Programs often store other important pieces (.dll's) in the Windows directory or Windows\system directory that may or may not be used by other programs too. Figuring out what pieces those are and if they are safe to delete is humanly all but impossible. There is some kind of count kept that goes up when another program "installs" the same piece, and down when it is "uninstalled." That is unreliable because people sometimes have to reinstall a program, or attempt to uninstall it repeatedly, and both installer programs and uninstaller programs are unreliable. That's why uninstall programs are forever asking you if you REALLY want to delete certain files with obscure names, as if you knew better than it did what needed to be uninstalled.

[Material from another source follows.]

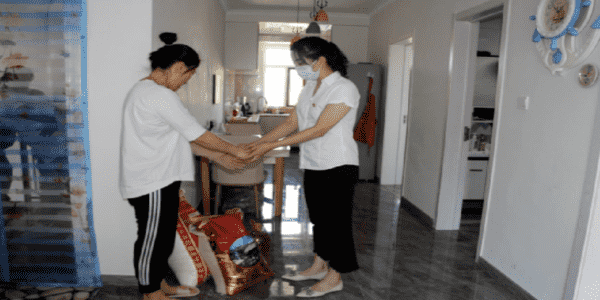 2021-8-26地方电力抚松分公司开展点亮 (4).png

Obviously, using the uninstaller is the way to handle uninstalling, if possible. But don't get too confident. Since I decided to trek to the registry just yesterday, I incidently found references to a little program I had recently uninstalled. It should not have been there. There are names of programs I uninstalled so many years ago I had to rack my aging brain to try to figure out what it could be. And that is just in the intelligible part, not including the seemingly infinite length encoded keys. It was astounding how "Adobe" showed up everwhere, over and over. You would almost think Adobe was keeping the registry all for itself.

So uninstallers are not very thorough about uninstalling. You see, programmers have hard time imagining why anyone would ever want to uninstall their magnificent program. The info left behind sometimes came in handy when they used to pick up your settings from a previous version so you didn't have to do it all over again. But that is becoming a thing of the past. Programs just leave the old versions in place, and ignore the old registry keys to add their own keys in the registry, no doubt because they learned from terrible experience what an unrecoverable mess their install programs made when attempting to update former versions. They don't even get the bugs out of the main program before they want to sell you the next version, let alone get the bugs out of the installer and even less the uninstaller. They say XP is more reliable than previous Windows versions. If so, it is because XP denies more things to programs that would crash the system.

Why it might be necessary for a program to put dozens or hundreds of keys in the registry with the identical root directory, I can't imagine. Programs can be easily written to run from whatever location they may occupy and not use even one registry key. That was the normal for programs with Windows 3.1. You could put the program in any directory on any disk, and it ran just the same. It didn't matter. If you wanted to get rid of a program, you just deleted it. If you didn't like where it was, you moved it. Nothing exotic or complex is required to write programs that way.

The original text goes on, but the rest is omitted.